Music files also display BPM, musical key (e.g. A minor), loudness in dB, sample rate, and channel count in the card header.

07

Supported Formats

WAV MP3 FLAC OGG AIF AIFF
Mac metadata files

If your library came from a Mac or was distributed as a Mac zip, you may see ._filename files. These are Apple metadata stubs, not real audio. The tagger logs them as errors and skips them — this is expected behaviour.

08

Performance

ModeSpeed per file10,000 files
NVIDIA GPU (CUDA) 1–2 seconds (tested on RTX 2070) ~3–6 hours
CPU (single worker) 30–60 seconds ~80–170 hours
CPU (4 workers) ~15–20 seconds ~40–55 hours
Run overnight

For large libraries, start the tagger before you sleep. It's fully resumable — if anything interrupts it, just re-run the same command and it picks up where it left off.

09

FAQ

Does any data get uploaded to the internet?

No. All analysis runs locally on your machine. The only internet access is the one-time download of the PANNs model (~400 MB) from Zenodo.org.

Can I search while the tagger is still running?

Yes. Double-click Start Audio Library Local Server.bat in a second window and open localhost:5000. Files appear in search results as soon as they're tagged.

How do I add more folders to the library?
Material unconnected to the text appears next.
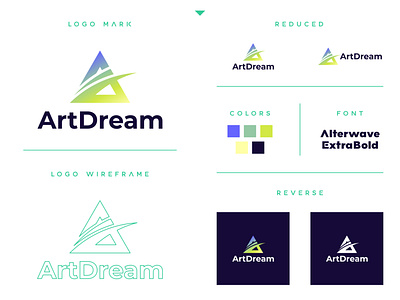 ArtDream - Logo Design - Branding app brand identity branding clean design dream graphic design logo nice design simple logo star vector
Double-click Scan Library.bat and enter the new folder path when prompted. Files are identified by a hash so there's no duplication — already-tagged files are skipped.

I see lots of errors for ._filename files

These are Apple macOS metadata stubs created when zipping on a Mac. From v1.0 onwards these are filtered out before scanning and will not appear in logs. If you see them, ensure you are running the latest version of tagger.py.

The PANNs model failed to load

On Windows, the panns_inference library sometimes tries to use wget which isn't available. Follow the manual model download steps in the Installation section to pre-download the files using PowerShell's built-in Invoke-WebRequest.

Can I run this on macOS or Linux?

Yes. The Open Folder button uses open -R on macOS and xdg-open on Linux automatically. GPU acceleration on macOS requires an NVIDIA GPU via CUDA (most Macs use Apple Silicon — CPU mode is recommended).